Tuduhan itu tak perlu dilawan dengan emosi berlebih. Muspro. Habisin energi. Senyumin saja. Mereka sejatinya tak rela Bonek telah berubah. Maunya, yang buruk-buruk itu punya bonek. Sehingga apabila ada rusuh, kisruh, ribut maka bonek lah, kambing hitam paling mudah.
Jika mereka berharap kita akan terpancing dengan tuduhan dan cap negatif itu, mereka salah. Dari awal, perubahan yang dilakukan Bonek tidak memburu pengakuan. Apalagi pencitraan. Kerja kebaikan ini dilakukan tulus. Transaksinya langsung dengan Tuhan. Perkara di mata manusia masih juga dianggap salah, biar saja. Biarkan tangan Tuhan yang bekerja untuk mengetuk dan membuka mata hati mereka.

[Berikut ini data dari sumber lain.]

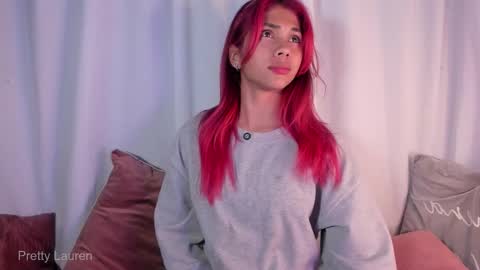 Snapshot of laurenn__1 chatting on February 2026 03:05:01 AM Lauren online show from February 2026 03:05:01 AM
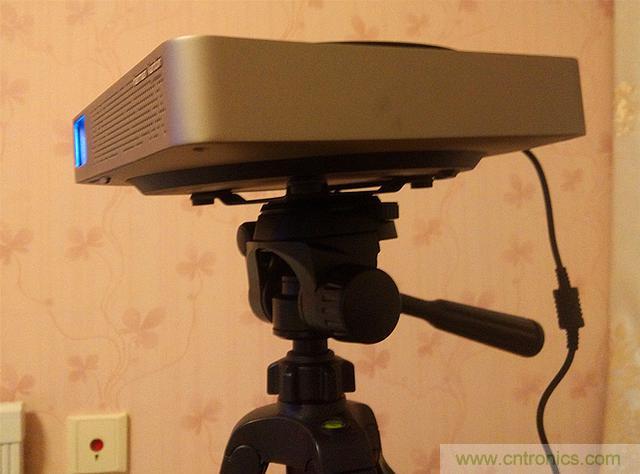 無屏電視時代已然來臨，客廳你做好準備了嗎？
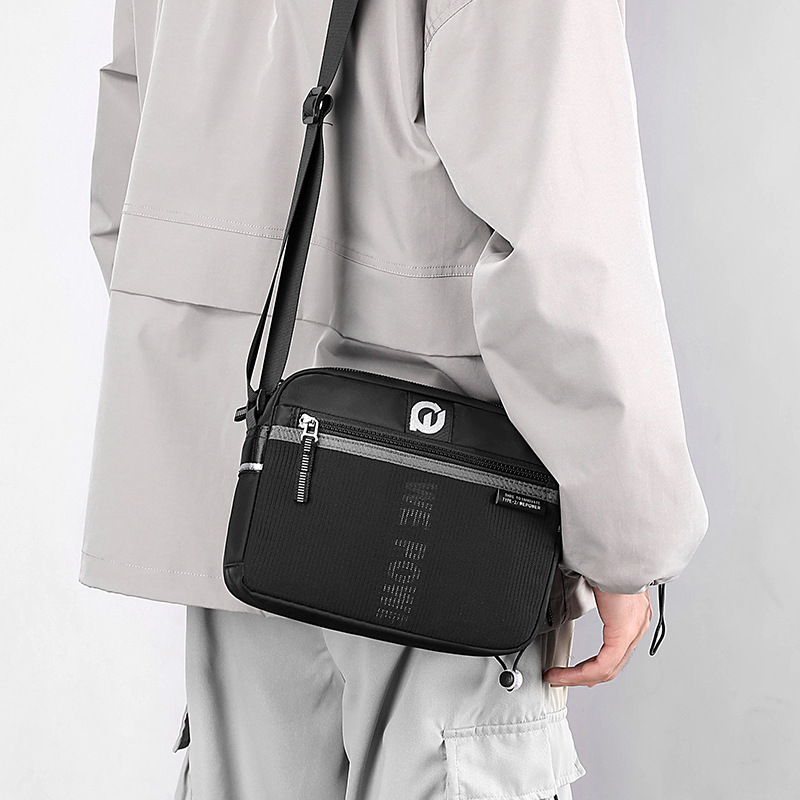 WEPOWER Bolso de hombro para hombre Bolso de mensajero de nailon casual de moda Estilo horizontal Personalidad Marca de moda Bolso de hombro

Sembari itu, kita harus terus gelorakan kerja-kerja kebaikan. Jangan berpuas diri dengan grafik perubahan yang terjadi. Masih banyak pekerjaan rumah yang harus dibenahi. Masih banyak oknum-oknum pendukung Persebaya dengan rasa tanggungjawab seadanya. Tak peduli lingkungan sekitar yang terpenting terpuaskan. Nyalakan flare di pertandingan kandang maupun bikin resah kala mendukung luar kandang.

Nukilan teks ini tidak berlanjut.